Insurgents fired mortars at government troops, prompting a heavier response of shells that killed civilians in several suburbs of Mogadishu and made residents cower indoors.

Artillery shelling between Islamist rebels and Somali government forces killed at least 14 people and wounded 28 others in Mogadishu on Sunday, residents and a rights group said.

Insurgents fired mortars at government troops, prompting a heavier response of shells that killed civilians in several suburbs of Mogadishu and made residents cower indoors.

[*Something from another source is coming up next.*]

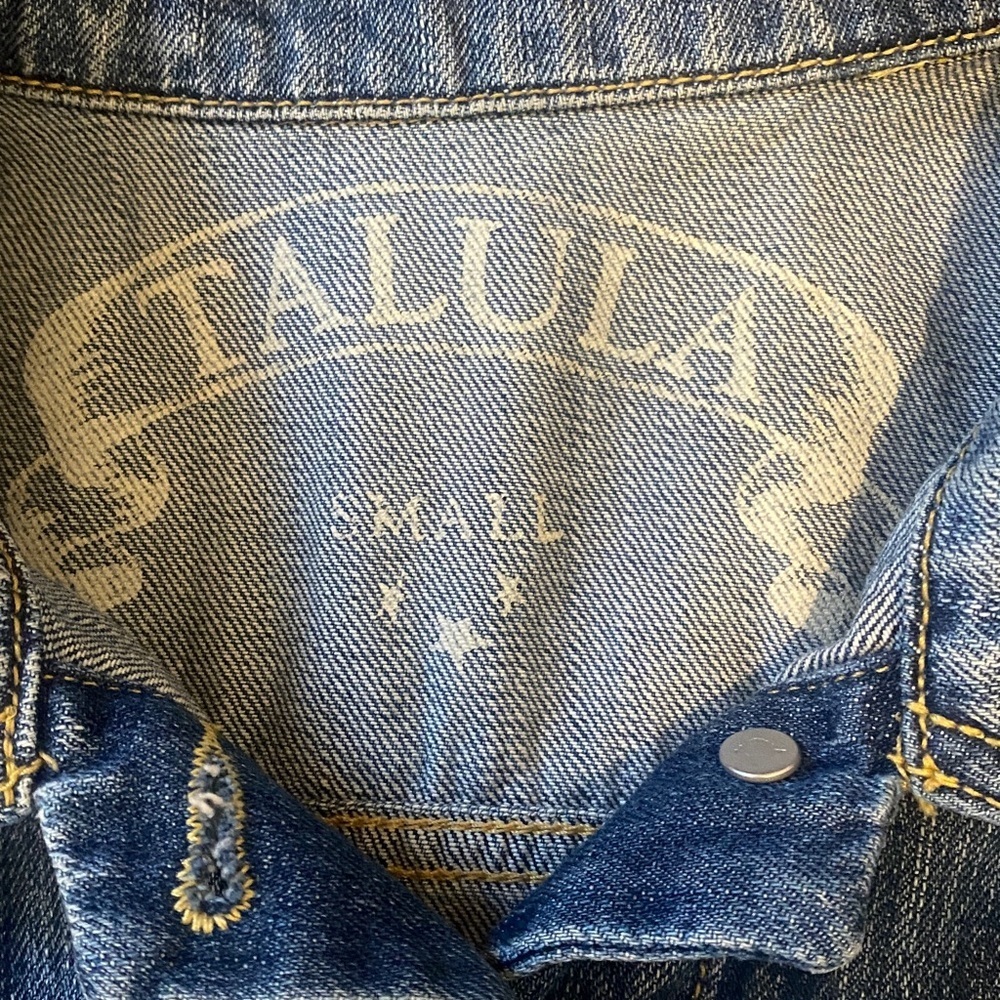 Talula  Denim jean  Vest - Picture 4 of 5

"Fourteen civilians died and 28 others were wounded on Saturday night and Sunday morning in mortar shell exchanges in Mogadishu," Ali Yasin Gedi, vice chairman of Mogadishu's Elman Peace and Human Rights Organisation, told Reuters.

"Most of these people died this morning after an exchange of heavy shelling," he said.

Maryan Said, a resident in the sprawling Bakara market, told Reuters by telephone that six people from one family were killed by one shell that also killed three others in a nearby house.

"Their house has partially demolished and the dead bodies are in pool of blood," she said.

Bakara, which is notorious for its open-air weapons bazaar, has long been viewed by the government and the African Union force AMISOM as a stronghold of hardline Islamist al Shabaab insurgents who are trying to overthrow the country's transitional administration.

Washington accuses the rebel group of being al Qaeda's proxy in the failed Horn of Africa state.

Another resident, Yonis Maalin, said a woman and her two children had died when a mortar shell hit their home in Hamar Jajab area, finishing off the small family which had lost their father in a previous shelling.

Al Shabaab and the government could not immediately be reached for comment.

Fighting in Somalia has killed 19,000 civilians since the start of 2007 and driven another 1.5 million from their homes, triggering one of the world's worst humanitarian emergencies.

Western security agencies say the Horn of Africa nation has become a safe haven for militants, including foreign jihadists, who are using it to plot attacks across the region and beyond.